Towards a (true) Dhivehi search engine

As much as I would like the Dhivehi language to die and rot away, it seems it won't happen, atleast for a while. The (relatively) newly minted freedom to publish newspapers and the growth of web-based news sites may have poised Dhivehi for a serious revival of the language. The revival probably isn't so much in terms of improvements in the vocabulary or other more linguistics related changes but rather a revival in terms of the amount of information now being pumped out in Dhivehi - and in my opinion, that's a great start.

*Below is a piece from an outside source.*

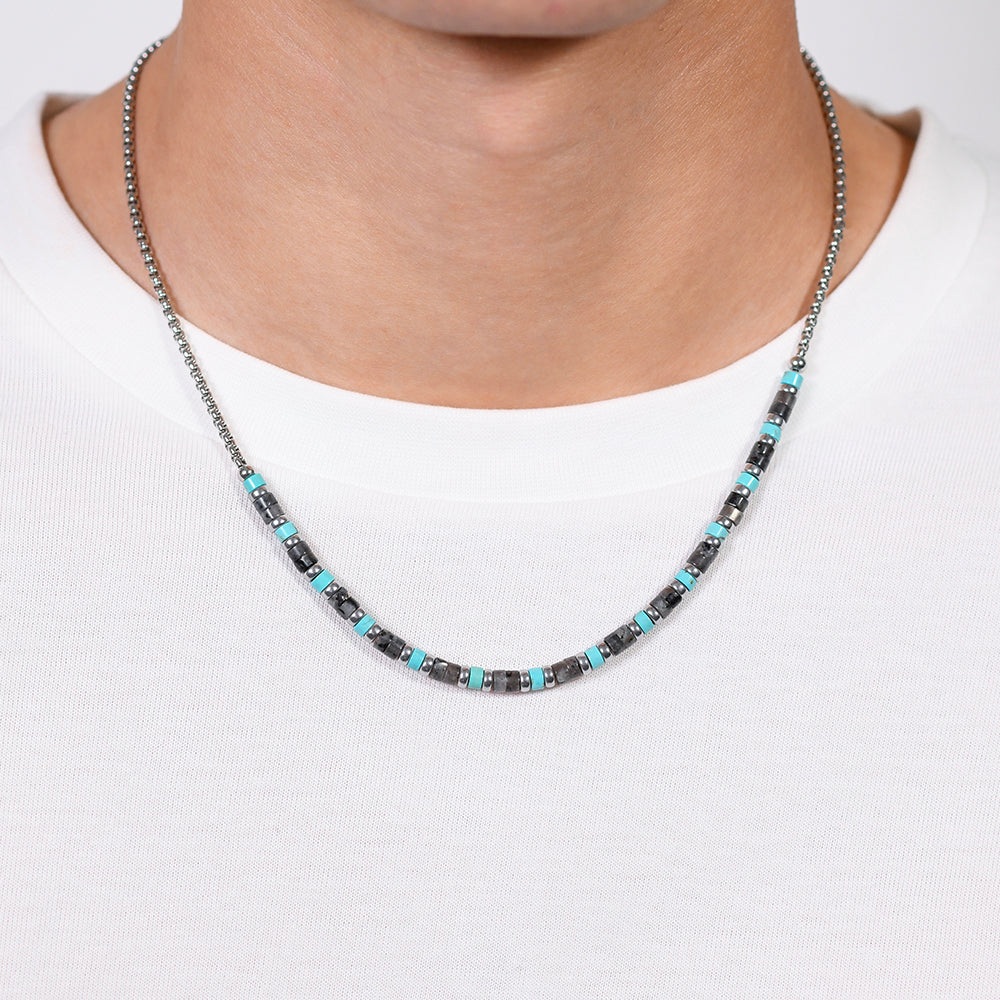 COLLANA UOMO IN ACCIAIO PIETRE GRIGIE E TURCHESI - Image 2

A (if not THE) point worth noting here is that much of this new information is being produced - and published - by digital means. Most government authorities now have web portals and an increasing number of them maintain them diligently. Most, if not all, newspapers and magazines also seem to maintain web portals with their content being made available online on the web. This modern revival thus presents a very interesting and a very much modern set of problems (to geeks like me atleast :-P) :- accessing it. It is probably the first time in Maldivian history that a "dhivehi search engine" makes practical sense.

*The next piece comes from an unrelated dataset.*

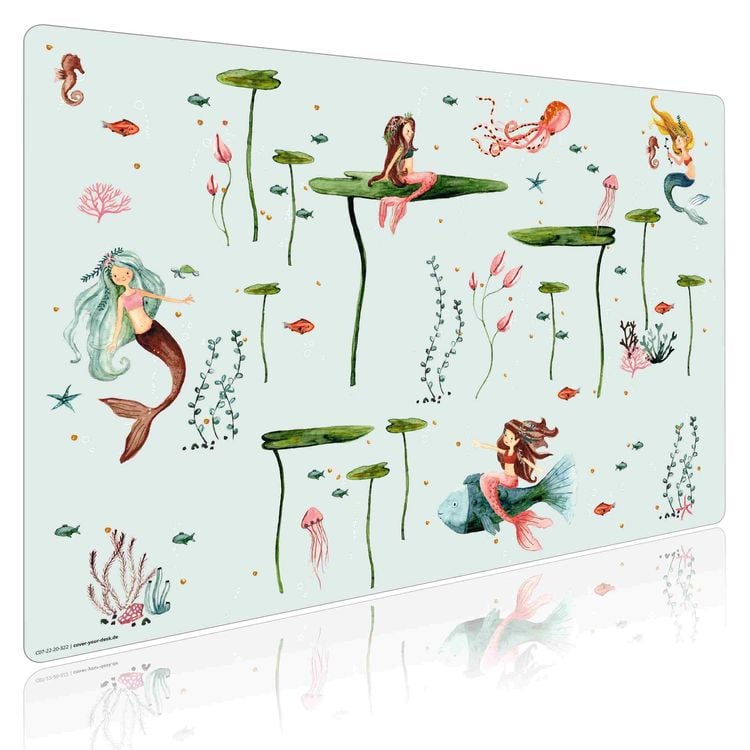 Produktbild: Cover-your-desk Schreibtischunterlage f&uuml;r Kinder und Erwachsene Meerjungfrau, aus hochwertigem Vinyl , 60 x 40 cm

Now, I am aware that Google and other search engines can be used to search for Dhivehi and I'm also aware that there are a few local operations that purport/aspire to be Maldivian search engines but they all share important shortcomings. These shortcomings are mostly inherent to the various methods of writing Thaana as used on the World Wide Web.

Say you want to search for the word "rayyithunge". Typing that into a search engine would bring an entirely different set of results from typing in "rwacyituncge" or "ރައްޔިތުންގެ" - both of which are alternative forms of representing the same thing in Dhivehi. The different set of results arise because of the differences in the representation schemes used on the different sites. A search with the phrase "rayyithunge" would bring in results with pages that seem to mostly contain English and that's because "rayyithunge" is Dhivehi "Latin"ised into English so that we could use standard English characters to write Dhivehi words. People commonly use such Latinised Dhivehi when writing emails or chatting - say "haalu kihineththa" etc. Meanwhile, a search with the phrase "rwacyituncge" results in a listing of content from sites like Haveeru and Miadhu who use standard ASCII coupled with custom Dhivehi fonts with the characters mapped. If you try copy-pasting something written on the Haveeru page you'd see that it comes out as a seemingly meaningless jumble of letters. Lastly, a search with the phrase "ރައްޔިތުންގެ would bring in results from sites like Minivan Daily and Sangu Daily who use Unicode to display Dhivehi. Anyway, the technical explanations aside, the point is that Dhivehi search is (currently) a messy enterprise.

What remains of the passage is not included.